NU perlu melakukan terobosan baru, untuk tetap menyandang gelarnya sebagai organisasi kebangkitan kaum intelektual (Nahdlatul Ulama). Arti dari kebangkitan/nahdlah itu sendiri adalah terbebas dari kubangan pemikiran yang stagnan. Tradisi lama yang perlu kita bongkar adalah tidak adanya ketua tanfidz yang berhasil menjadi rais ‘amm. Jika pun muktamar 34 ini gagal membongkar tradisi itu, penulis yakin, generasi masa depan entah kapan akan melakukannya.
Melawan keniscayaan perubahan sama saja melawan sunnatullah.
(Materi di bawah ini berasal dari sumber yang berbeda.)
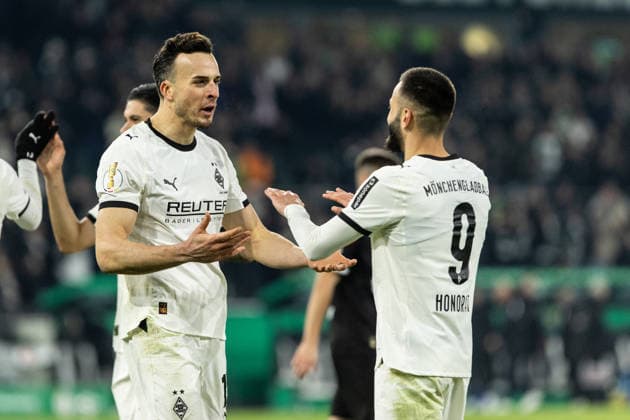 DFB-Pokal: Borussia Mönchengladbach - FC St. Pauli; 02.12.2025 Borussia Mönchengladbach bejubelt das Tor, 1:1 durch Haris Tabakovi? (Borussia Mönchengladbach, 15) DFB-Pokal: Borussia Mönchengladbach - FC St. Pauli; Borussia-Park, Mönchengladbach; 02.12.2025 DFB regulations prohibit any use of photographs as image sequences and or quasi video. Copyright: xBEAUTIFULxSPORTS Buriakovx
Hukum alam di dunia yang material ini adalah gerak perubahan itu sendiri. Allah telah menciptakan kehidupan di bumi untuk terus bergerak dan berubah. Jika kita baru berapa tahun mengenal mekanisme AHWA yang sebelumnya belum dikenal, berarti kita terbuka peluang untuk mengenal mekanisme lain lagi yang lebih baru, seperti penunjukan Ketuan Tanfid menjadi Rais ‘Amm.
Rais ‘Amm itu adalah puncak kepemimpinan dalam organisasi NU. Orang yang layak mengisinya hanya mereka yang berpengalaman sebagai eksekutif (Tanfidziyah), di era sekarang kebetulan saja adalah Prof. KH. Said Aqil Siradj. Di masa-masa yang akan datang, Rais ‘Amm akan diisi oleh demisioner Ketua Tanfidz secara periodik dan berjenjang. Jika seorang tokoh telah berpengalaman dua atau tiga kali menjadi Tanfidz, maka ia otomatis berhak menjadi Rais ‘Amm.
Karena itu pula, peran AHWA sejatinya lebih dibutuhkan untuk mengawal proses pemilihan ketua Tanfidz dari pada Rais Amm. Sebab, kehadiran moralitas AHWA akan membatasi ambisi tak terkendali dari sistem demokrasi terbuka sebagaimana dalam jargon “one man one vote for ona man.” AHWA misalnya hadir dengan menawarkan dua tiga calon ketua tanfidz, untuk kemudian dipilih secara voting oleh wilayah dan cabang secara demokratis dan liberal.
Bukankah kita masih ingat proses pemilihan khalifah Usman bin Affan? Sekalipun tim formatur sudah terbentuk, calon di dalamnya ada dua nama: Ali dan Usman, dengan syarat tidak memilih Abdullah Putra Umar sendiri. Apa arti sejarah ini jika bukan tim formatur tidak berwenang menghadirkan satu nama saja, tanpa alternatif?! Jika AHWA beroperasi di ranah Syuriah seperti kemarin dan kemungkinan di muktamar 2021 ini, maka ada misunderstanding tentang sejarah.
Terakhir, Prof. DR. KH. Said Aqil Siroj (demisioner Ketua Tanfidz) memang layak menjadi Rais ‘Amm, karena pengalamannya di Tanfidz, bukan saja karena kefigurannya secara kultural. Wallahu a’lam bis shawab.*
*Penulis adalah Alumni Pondok Pesantren Lirboyo, Kediri; Alumni Universitas Al-Azhar, Mesir, Dept. Theology and Philosophy; Alumni Universiti Kebangsaan Malaysia, Dept. Politic and Strategy; Alumni Universiti Malaya, Dept. International Strategic and Defence Studies; Pengasuh Pondok Pesantren Bina Insan Mulia, Cirebon; Wakil Ketua Pimpinan Pusat Rabithah Ma’ahid Islamiyah (Asosiasi Pondok Pesantren se-Indonesia); Pengurus Besar Nahdlatul Ulama (PBNU) Periode 2010-2015.